A CONTRARREFORMA AGRÁRIA NO BRASIL DO SÉCULO XXI: notas sobre a espacialização dos assentamentos rurais e a (re)criação do campesinato assentado no campo alagoano (I)



Professor de Geografia do Instituto Federal de Alagoas - Campus Piranhas (2015). Doutorando no Programa de Pós-Graduação em Geografia da Universidade Federal de Pernambuco (2015). Mestre em Geografia pela Universidade Federal da Paraíba (2015), com mestrado sanduíche na Universidade Federal de Sergipe (2014). Graduado em Licenciatura Plena em Geografia pela Universidade Estadual do Ceará (2011) e Graduado em Tecnólogo em Recursos Hídricos/Irrigação pelo Instituto Centro de Ensino Tecnológico – CENTEC (2004). Pesquisador membro do Laboratório de Pesquisas e Estudos sobre o Espaço Agrário e Campesinato e do Núcleo de Agroecologia, ambos do PPGEO/UFPE. Atualmente concentra os estudos sobre a questão agrária no Brasil e em Alagoas.




A CONTRARREFORMA AGRÁRIA NO BRASIL DO SÉCULO XXI: notas sobre a espacialização dos assentamentos rurais e a (re)criação do campesinato assentado no campo alagoano (I)



Claudemir Martins Cosme

Resumo                                                             



O objetivo central desse trabalho é discutir como a reforma agrária vem sendo tratada no Brasil, a partir de alguns apontamentos acerca da estrutura fundiária, da luta pela reforma agrária e da conquista dos assentamentos rurais no campo alagoano. Busca-se ultrapassar as análises limitadas pelas convicções ideológicas, pró ou contra a reforma agrária, e avançar na reflexão com base na realidade do espaço agrário de Alagoas. Nessa perspectiva, três indagações são norteadoras: 1) Na atualidade, a estrutura de propriedade, posse e uso da terra contém ou provoca problemas sociais, econômicos e ambientais suscetíveis de configurar uma questão agrária? 2) A política de reforma agrária deve ser um processo permanente ou deve existir um prazo delimitado para que ocorram alterações na estrutura fundiária vigente no período de sua realização? 3) É possível atestar que já houve ou está em curso um processo de reforma agrária no país?

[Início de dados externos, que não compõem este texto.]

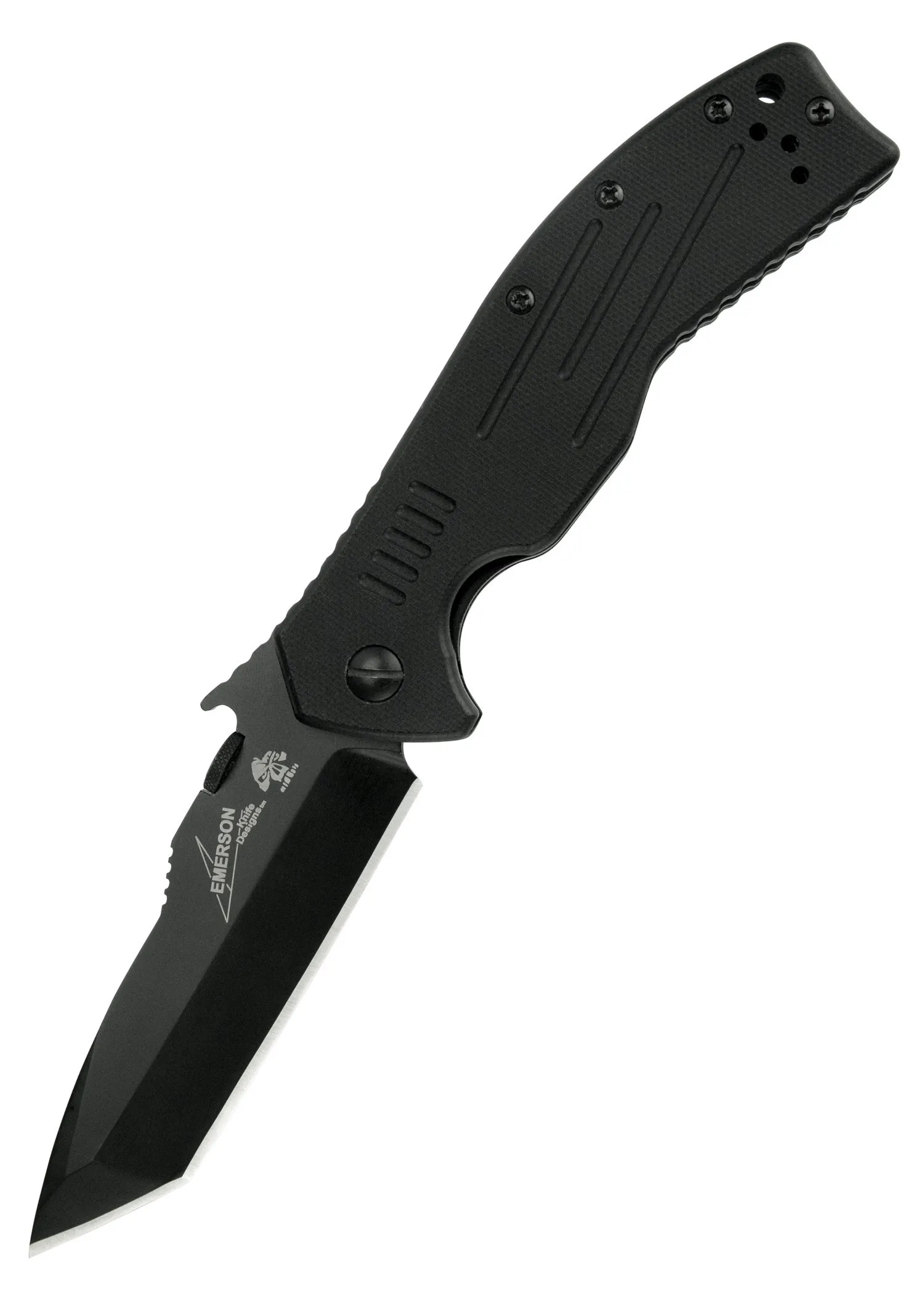 Navaja de bolsillo Kershaw Emerson CQC-8K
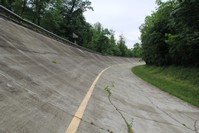 autodromo di monza pista sopraelevata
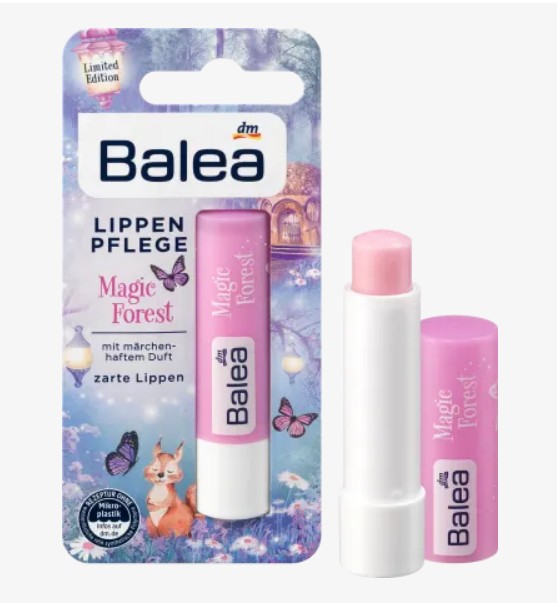 Son dưỡng môi Balea chuyên sâu - Hàng Đức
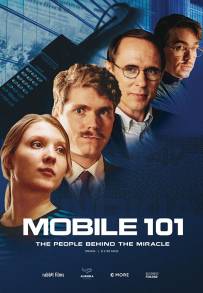 Mobile 101 – La vera storia di Nokia (2022 - In Lavorazione)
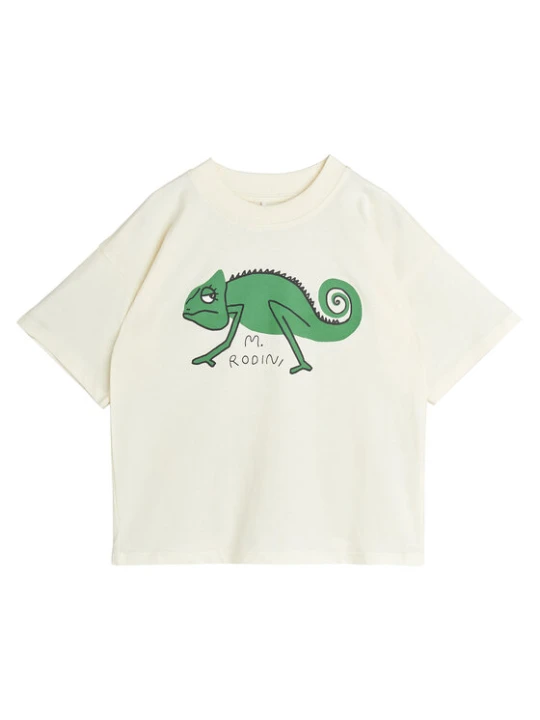 Zdjęcie produktu MINI RODINI T-Shirt 2522015911 Biały Regular Fit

Assim, pretende-se decifrar algumas das contradições que permeiam os processos de (re)criação e permanência do campesinato assentado no Brasil do século XXI. 



Introdução


A realidade do campo no Brasil do século XXI não deixa dúvidas: o modelo agrário/agrícola latifundista, transmutado de agronegócio, segue hegemônico em detrimento das distintas formas de agricultura camponesa. Trata-se de um modelo que se apresenta com uma roupagem moderna, sobretudo economicamente, mas que no seu cerne possui e atualiza o que há de mais antigo e colonial na formação territorial capitalista brasileira no tocante ao padrão de poder, ao estabelecer uma forte aliança entre as grandes corporações financeiras internacionais, indústrias-laboratórios de agroquímicos e de sementes, cadeias de comercialização e os grandes latifúndios exportadores de grãos (PORTO-GONÇALVES, 2012).

Como definiu Martins (1999), uma aliança do atraso entre o capital e a terra, tendo como elo um Estado oligárquico com suas relações políticas atrasadas, se materializa como uma das particularidades históricas nessa formação territorial. Particularidade essa, que tem impedido a efetiva realização da reforma agrária. Fato bem elucidado por Oliveira (2001), quando defende que a concentração de terras pelos grandes grupos econômicos tem uma funcionalidade para o capital, haja vista servir como reserva de valor e/ou reserva patrimonial, com a finalidade de garantir o acesso ao sistema financeiro bancário e os incentivos governamentais.

Nesse contexto, para além das convicções ideológicas pró ou contra a reforma agrária, três perguntas são essenciais para nortear qualquer debate sobre a proposição ou mesmo avaliação dessa política em determinado contexto político. A primeira, parafraseando Delgado (2014): no contexto societal brasileiro do século XXI, a estrutura de propriedade, posse e uso da terra contém ou provoca problemas sociais, econômicos e ambientais suscetíveis de configurar uma questão agrária? A segunda: a política de reforma agrária deve ser um processo permanente ou deve existir um prazo delimitado para que ocorram alterações na estrutura fundiária vigente? E por fim a terceira, entrelaçada às outras duas indagações: sem alterar a estrutura fundiária é possível defender que houve um processo de reforma agrária?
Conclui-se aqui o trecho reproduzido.